Wall Street shrugs off U.S. government shutdown as stocks rise

Photo - Wall Street shrugs off U.S. government shutdown as stocks rise
U.S. markets are opening the week with measured optimism: futures on the Dow, S&P 500 and Nasdaq are higher, setting the tone after several days when politics overshadowed macroeconomics.
The start of a heavy reporting week, when most major names publish their quarterly results, brings investors back to familiar anchors: revenue, margins, and guidance. That is where the market is trying to pin risk assessment, even as the ongoing shutdown keeps nerves on edge. Closed regulators are a major source of uncertainty, but for now this impact is more technical than fundamental. Releases of some economic data have been delayed, calendars adjusted, and market noise has increased.

Markets appear to be betting that company fundamentals outweigh politics for now. Investors are focusing on private‑sector results rather than waiting for a political resolution in Washington. According to LSEG, analysts expect a notable year‑on‑year rebound in S&P 500 earnings, and that optimism is already reflected in equity prices.
The S&P 500 index continues to recover. Source: lipperalpha.refinitiv

The S&P 500 index continues to recover. Source: lipperalpha.refinitiv

The key variable keeping enthusiasm within “measured positive” territory is the yield on U.S. Treasuries. The 10‑year Treasury note hovers around 4.0%–4.1% after last week’s pullback, and every shift in the yield curve quickly feeds through to growth multiples.

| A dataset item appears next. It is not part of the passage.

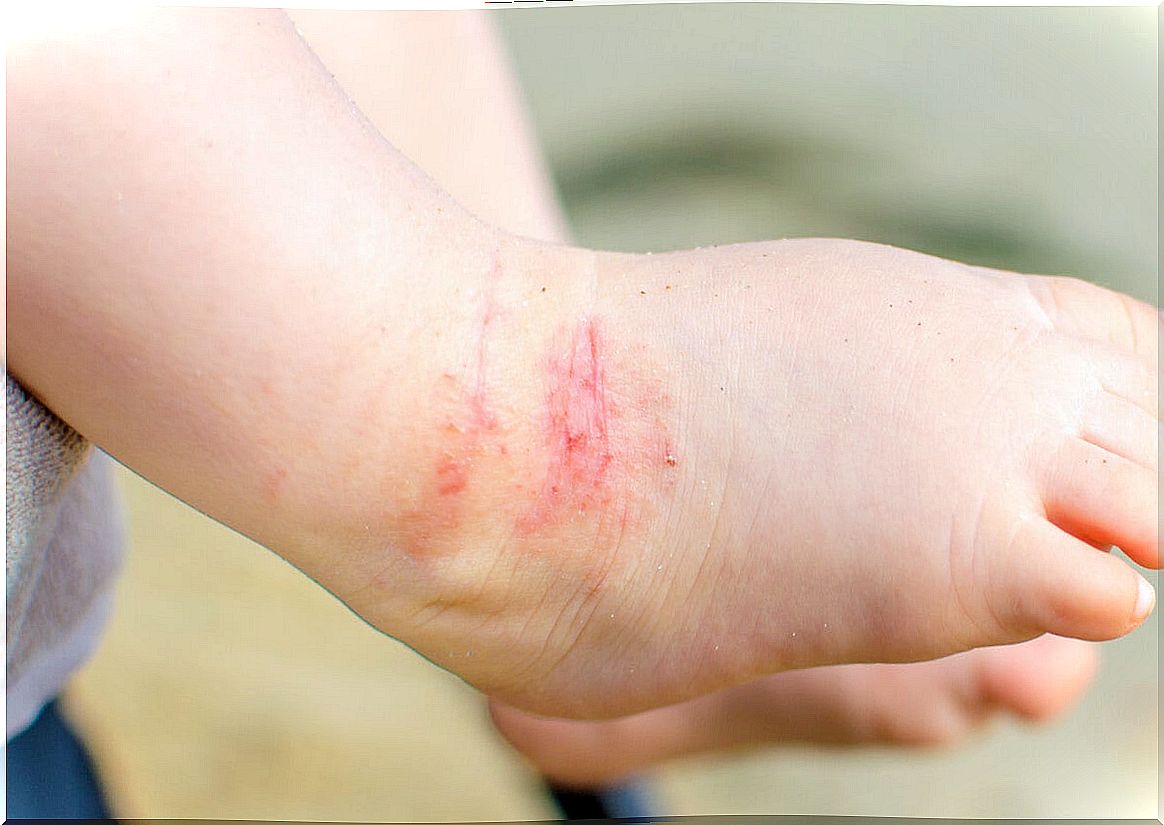 Atopic dermatitis is usually a lifelong condition, studies say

In practical terms, if the 10‑year yield moves toward 4.2%, institutional investors typically take profits. If it stays closer to 4.0%, the market tends to rise on company results as investors build strategies around those numbers.
U.S. 10‑year Treasury yield as of 20 October. Source: ycharts

U.S. 10‑year Treasury yield as of 20 October. Source: ycharts

Technically, S&P 500 stocks are holding recent gains and testing prior highs, which amplifies the FOMO effect in higher‑beta segments. The upshot is that, despite the shutdown, the market is moving higher on the back of recovering corporate earnings and hopes for a gentle rate path from the Fed.

In the days ahead, politics will likely remain a source of volatility, but near-term trading should hinge on corporate earnings and movements in U.S. Treasury yields. Together, these two indicators will help determine the market’s direction.